Meghan Biro: First, recruitment: mobile and social have completely transformed the process and the means by which we communicate. In terms of how we relate with each other, it is so much easier now for a recruiter to reach out and just give someone a little nudge, a Hey, how are you? Just checking in. We can personalize our messaging very quickly and easily, and share relevant information or ideas with someone on a very informal level — not pushy, no overbearing, but clearly in a way that conveys interest.

I’ve seen great recruiters do that really effectively, keeping in touch with a whole pool of talent by using a mobile and social tool that keeps track of everyone and every interaction. It allows us to build relationships with potential candidates, passive or active, in a quiet and easy way. And with the younger generations, which I really don’t even want to say anymore, but let’s say generations for whom a smartphone is a vital part of their life, this is awesome. We’ve all read the studies about their preference for texts and the fact that they don’t always pay attention to emails, and they don’t tend to like phone calls. So mobile and social is pitch perfect. And this is no small thing, but we can measure everything. We can get data we need when we need it, and use it to better attend to our candidates.

Be sure to check out our blog later this week, when we feature a longer piece with Meghan and insights into how mobile is changing the world of work.

Ben Eubanks, a human resources professional, and speaker who blogs and podcasts at upstartHR. He has more than seven years of tactical, strategic experience and is a nationally-recognized speaker in human capital management.

Branch Messenger: How are mobile and social technologies impacting employee recruitment and retention?

Ben Eubanks: HR technology plays a critical role in helping companies not only see, but actually understand, the trends behind employee turnover and absenteeism. It could be a policy issue, an engagement problem, or something else, but without leveraging technology it's often challenging to pull the data together in a way that shines light on the actual underlying issues. Too often companies try to address the symptoms instead of the root cause, which means they will never really make the right choices to resolve the issue.

Keshila Shannon is the Head of Marketing at Achievers. Their Employee Engagement Blog covers topics including culture, leadership, and employee engagement.

Branch Messenger: How are mobile and social technologies impacting employee recruitment and retention?

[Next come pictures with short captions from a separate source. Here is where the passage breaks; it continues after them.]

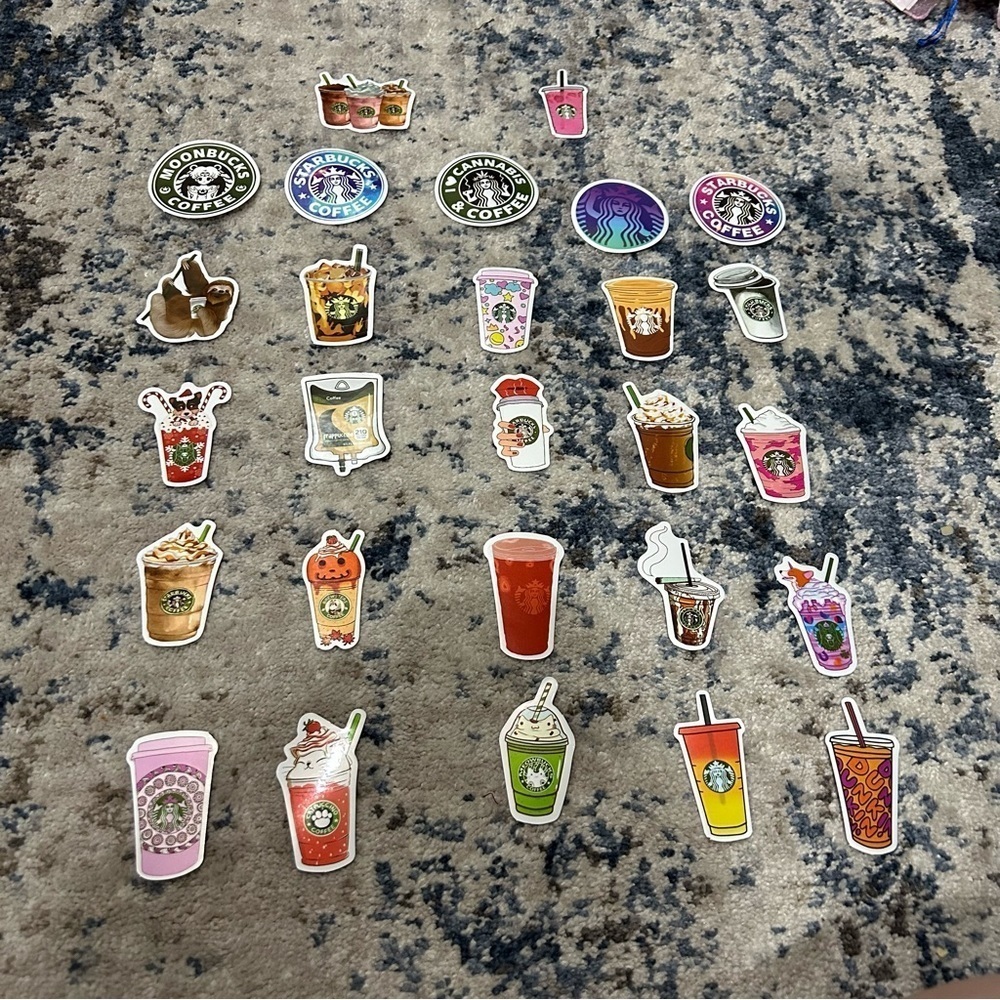 Starbucks 27 No Repeat Stickers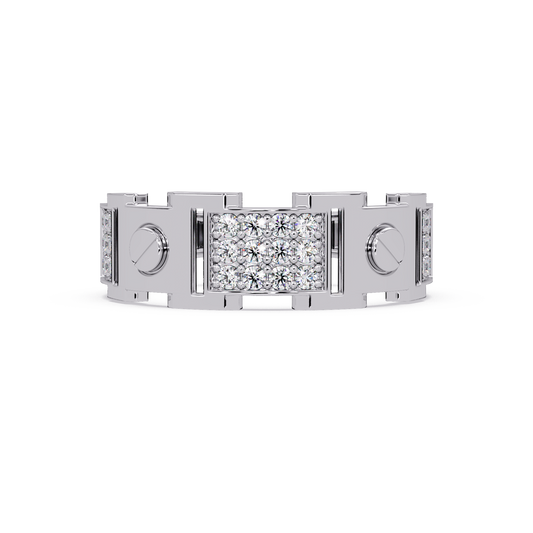 Round Lab grown Diamond Center Wide Band Ring - HIGHCARAT DIAMONDS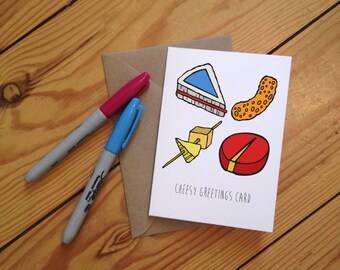 Cheesy Illustrated Greetings Card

Keshila Shannon: Around the world, there are approximately 2.3 billion smartphone users and 2.46 billion social media users. These productivity and communications tools are no longer exceptions in the workplace; they are the way in which work is getting done. So, it’s no surprise they’ve impacted employee recruitment and retention significantly, whether via the utilitarian purpose of applying for a job using “mobile apply” or for peer-to-peer social recognition for a job well done.

At Achievers, we believe mobile and social-based apps drive positive employee engagement by giving managers and peers what they need to easily and frequently recognize and reward others. Not every employee sits behind a desk all day; a considerable percentage of workforces are deployed remotely, on the road and in settings such as retail and hospitality. “Always-on, always-available” mobile and social technologies create new and innovative opportunities to consistently engage employees across the enterprise, resulting in better recruiting, recognition and retention.

Key Takeaways

As mobile devices become a bigger part of our work and a necessary tool for productivity, here’s a few tips you can use to leverage mobile and social technologies in your recruiting efforts:

  • Determine where in the mobile ecosystem you can reach potential job applicants. Can people apply to your job openings from their mobile devices?
  • Mobile is an important platform for channeling positive social recognition for employees.
  • Mobile devices not only boost productivity, but they also enable recruiters to acquire and hire employees from virtually anywhere.
  • Recognize challenges from your employees before they become urgent problems.